Mataku membelalak kaget.

"Sebaiknya aku tinggalkan kalian berdua ya?" ucap Kakak.

Dia melukisku tanpa ijin dariku. Tapi entah mengapa aku tidak bisa menolak. Sambil melukis ia bercerita kalau ia adalah teman satu kamar dengan kakakku dulu di asrama seni. Dia bilang kakakku lebih suka seni tanah liat, sementara dia lebih suka seni lukis.

Dua jam kemudian dia terlihat sudah selesai. Ia membereskan peralatannya.

"Aku berharap kau suka. Ini hadiah tanda persahabatan dariku." Ucapnya sambil membalikkan kanvas agar menghadapku.

Aku membelalakkan mataku. Dalam kanvas itu terlihat wujudku sedang berdiri sambil melihat bunga sakura yang sedang mekar. Aku memakai gaun warna biru lagit dan rambutku terlihat–

–indah. Berwarna keemasan dan memantulkan cahaya matahari. Wajahku pun juga terlihat sempurna. Berseri-seri sambil tersenyum lembut.

Apakah aku–

–terlihat seperti itu di matanya?

"Bagaimana? Kau suka? Maaf jika tidak. Bagiku kau memiliki sesuatu yang sangat menarik untuk dilukis. Sesuatu yang menggambarkan dirimu yang sebenarnya. Cahaya." Ucap Sai.

Aku terkejut. Tapi aku kemudian tersenyum lembut menatap lukisan ini.

Kesan pertama ini membuatku memberikan penilaian padanya. Dia–

–menarik.

Yang perlu kita ketahui adalah, itu terjadi satu tahun yang lalu.

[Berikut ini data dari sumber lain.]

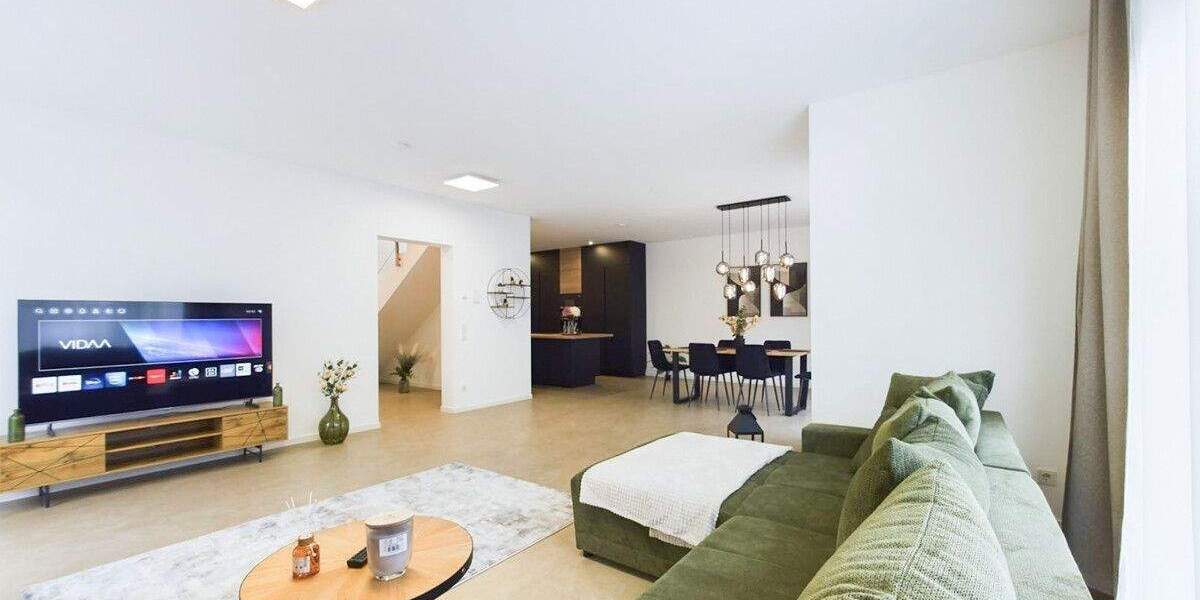 Mehrfamilienhaus, Wohnhaus Hütschenhausen Katzenbach - 1 Zimmer, 375 m&sup2;, 1.100.000&euro; | Angebot:25690727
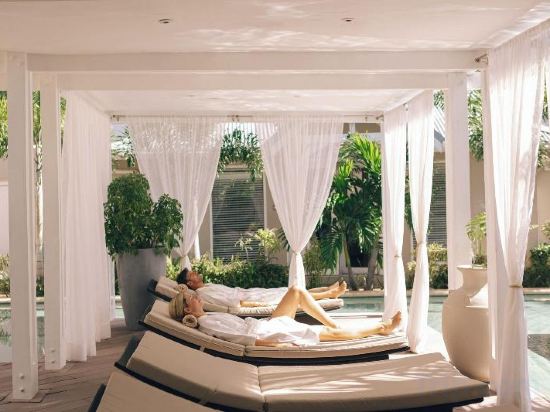 Фото Sugar Beach Mauritius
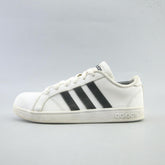 ADIDAS BASELINE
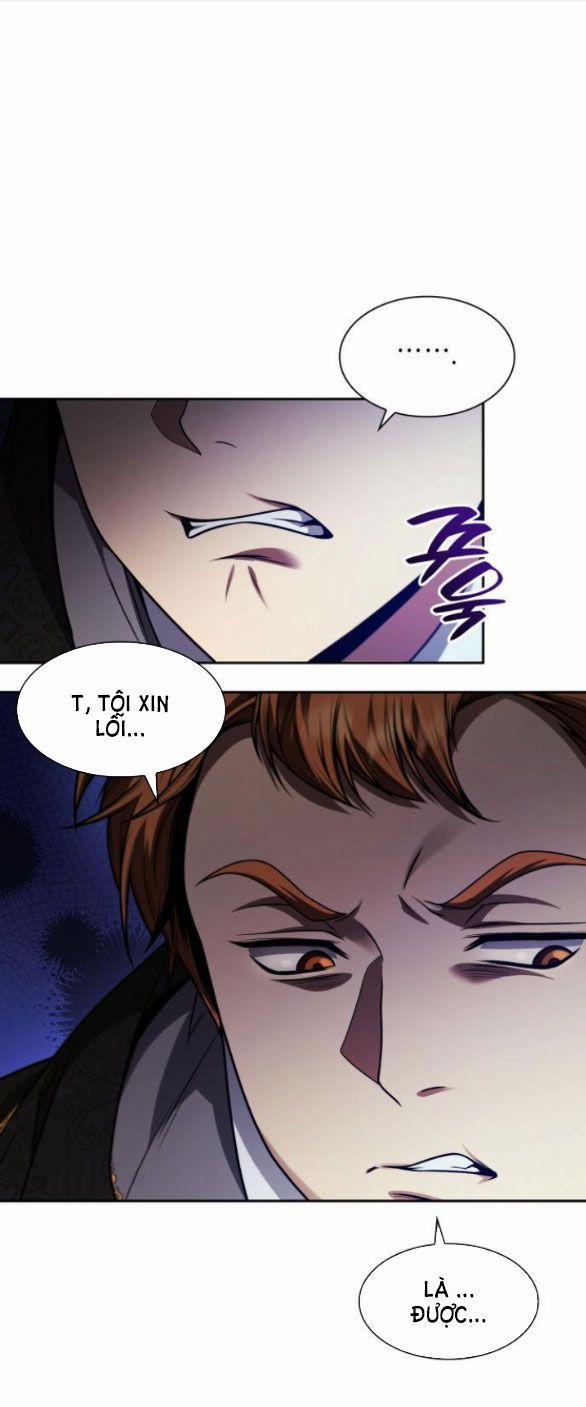 Chị Yêu, Kiếp Này Em Sẽ Là Hoàng Hậu 25.2 trang 0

Dalam setahun terakhir, menurut kalian apa yang terjadi pada kami?

Dua hari lagi, dia menikah dengan tunangannya. Aku ikut bahagia.

Bahagia, ya?

Aah.. bahagia. Perasaan yang aku rasakan sejak berteman dengannya. Teman? Ya. Sejak itu aku selalu berharap memiliki banyak teman. Walaupun sulit menerima keadaanku yang sebegini menyedihkannya, tetap ada saja yang mau berteman denganku.

Tapi disamping itu semua, aku juga bimbang. Aku divonis dokter mengidap penyakit yang entah apa namanya itu aku tidak ingin mengingatnya.

Aku akan mati, dua hari lagi.

Takdir yang aneh?

Menurutku juga begitu.

Apa aku takut? Aah, tidak. Justru dengan begini aku tak akan merasakan sakit yang terlalu lama.

Sakit? Ya. Aku sakit karena harus melihatnya berdiri di altar dan mengucapkan janji suci dengan Sakura.

Itu adalah sisi baiknya. Dan sisi buruknya adalah,

Hari ini dia datang kerumahku. Tersenyum padaku dan menatapku lembut seperti biasa.

Dan seperti biasa pula, dia berjongkok di hadapanku.

"Ino-chan, kau tidak lelah duduk disitu seharian?" tanyanya.

Aku hanya mengangguk.

Dan tanpa aba-aba lagi dia menggendongku ala bridal style dan mendudukkanku di bawah pohon Sakura dibelakangku. Setelahnya dia duduk di sebelahku sambil menatap langit biru.

Hening selama beberapa saat.

Aku mulai merasa ia sudah tahu hari kematianku.

Dan benar saja,

"Mengapa kau tidak bilang padaku?" tanyanya sendu.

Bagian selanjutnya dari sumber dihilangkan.